What is required:
The full set of records must be returned exactly, character for character.

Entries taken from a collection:

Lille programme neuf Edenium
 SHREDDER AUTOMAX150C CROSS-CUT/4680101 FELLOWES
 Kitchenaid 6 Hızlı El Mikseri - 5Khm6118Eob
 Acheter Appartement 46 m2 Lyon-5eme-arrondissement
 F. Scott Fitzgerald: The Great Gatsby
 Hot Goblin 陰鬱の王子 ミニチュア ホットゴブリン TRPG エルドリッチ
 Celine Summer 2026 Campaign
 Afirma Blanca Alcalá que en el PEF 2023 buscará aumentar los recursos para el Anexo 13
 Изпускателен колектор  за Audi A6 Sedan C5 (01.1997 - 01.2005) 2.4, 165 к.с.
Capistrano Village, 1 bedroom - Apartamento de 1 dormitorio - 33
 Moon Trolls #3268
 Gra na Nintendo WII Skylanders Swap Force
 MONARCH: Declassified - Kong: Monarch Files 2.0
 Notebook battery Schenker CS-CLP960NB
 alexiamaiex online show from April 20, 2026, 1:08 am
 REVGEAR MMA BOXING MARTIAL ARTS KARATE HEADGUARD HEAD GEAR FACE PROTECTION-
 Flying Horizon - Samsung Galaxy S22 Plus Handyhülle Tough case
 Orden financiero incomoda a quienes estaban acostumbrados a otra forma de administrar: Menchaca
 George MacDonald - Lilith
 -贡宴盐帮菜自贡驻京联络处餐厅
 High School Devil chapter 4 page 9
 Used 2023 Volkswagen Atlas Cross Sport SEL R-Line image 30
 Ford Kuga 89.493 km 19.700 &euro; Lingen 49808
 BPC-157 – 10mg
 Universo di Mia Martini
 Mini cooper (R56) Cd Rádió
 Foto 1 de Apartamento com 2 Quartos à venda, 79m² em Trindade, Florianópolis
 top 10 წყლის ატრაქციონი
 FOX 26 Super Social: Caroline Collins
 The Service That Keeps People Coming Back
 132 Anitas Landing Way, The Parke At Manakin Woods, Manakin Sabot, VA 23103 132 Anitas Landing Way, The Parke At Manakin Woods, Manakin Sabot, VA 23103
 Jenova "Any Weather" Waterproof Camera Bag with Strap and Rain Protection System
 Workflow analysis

Response to the exercise:
Lille programme neuf Edenium
 SHREDDER AUTOMAX150C CROSS-CUT/4680101 FELLOWES
 Kitchenaid 6 Hızlı El Mikseri - 5Khm6118Eob
 Acheter Appartement 46 m2 Lyon-5eme-arrondissement
 F. Scott Fitzgerald: The Great Gatsby
 Hot Goblin 陰鬱の王子 ミニチュア ホットゴブリン TRPG エルドリッチ
 Celine Summer 2026 Campaign
 Afirma Blanca Alcalá que en el PEF 2023 buscará aumentar los recursos para el Anexo 13
 Изпускателен колектор  за Audi A6 Sedan C5 (01.1997 - 01.2005) 2.4, 165 к.с.
Capistrano Village, 1 bedroom - Apartamento de 1 dormitorio - 33
 Moon Trolls #3268
 Gra na Nintendo WII Skylanders Swap Force
 MONARCH: Declassified - Kong: Monarch Files 2.0
 Notebook battery Schenker CS-CLP960NB
 alexiamaiex online show from April 20, 2026, 1:08 am
 REVGEAR MMA BOXING MARTIAL ARTS KARATE HEADGUARD HEAD GEAR FACE PROTECTION-
 Flying Horizon - Samsung Galaxy S22 Plus Handyhülle Tough case
 Orden financiero incomoda a quienes estaban acostumbrados a otra forma de administrar: Menchaca
 George MacDonald - Lilith
 -贡宴盐帮菜自贡驻京联络处餐厅
 High School Devil chapter 4 page 9
 Used 2023 Volkswagen Atlas Cross Sport SEL R-Line image 30
 Ford Kuga 89.493 km 19.700 &euro; Lingen 49808
 BPC-157 – 10mg
 Universo di Mia Martini
 Mini cooper (R56) Cd Rádió
 Foto 1 de Apartamento com 2 Quartos à venda, 79m² em Trindade, Florianópolis
 top 10 წყლის ატრაქციონი
 FOX 26 Super Social: Caroline Collins
 The Service That Keeps People Coming Back
 132 Anitas Landing Way, The Parke At Manakin Woods, Manakin Sabot, VA 23103 132 Anitas Landing Way, The Parke At Manakin Woods, Manakin Sabot, VA 23103
 Jenova "Any Weather" Waterproof Camera Bag with Strap and Rain Protection System
 Workflow analysis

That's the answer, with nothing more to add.